A slew of lawsuits against the Champlain Towers South Condo Association have already been filed on behalf of survivors and victims, alleging the partial collapse could have been avoided and that the association knew or should have known about the structural damage. A spokesperson for the association told ABC News they cannot comment on pending litigation but that their “focus remains on caring for our friends and neighbors during this difficult time.”

The association’s board released a statement Friday saying its surviving members “have concluded that, in the best interest of all concerned parties, an independent Receiver should be appointed to oversee the legal and claims process.”

“We know that answers will take time as part of a comprehensive investigation,” the statement continued, “and we will continue to work with city, state, local, and federal officials in their rescue efforts, and to understand the causes of this tragedy.”

In the wake of the Surfside building collapse, the city of North Miami Beach ordered that another condominium close immediately amid safety concerns connected to the 40-year recertification process, officials said.

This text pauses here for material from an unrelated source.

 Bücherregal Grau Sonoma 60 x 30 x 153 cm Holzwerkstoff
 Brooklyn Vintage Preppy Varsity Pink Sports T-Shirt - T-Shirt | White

The Crestview Towers Condominium is “structurally and electrically unsafe,” based on the review of a recertification report submitted Friday, city officials said in a statement.

“The city of North Miami Beach has taken the steps that we recommended to review to make sure that the recertification process was being done in a timely basis. And as I understand it, as a result of that audit, they found a building that had not been recertified, and when the information came in, they took some steps,” Levine Cava said Friday evening.

Some 300 residents have to evacuate, according to ABC Miami affiliate WPLG-TV, while a full structural assessment is conducted.

The 156-unit condo was built in 1972.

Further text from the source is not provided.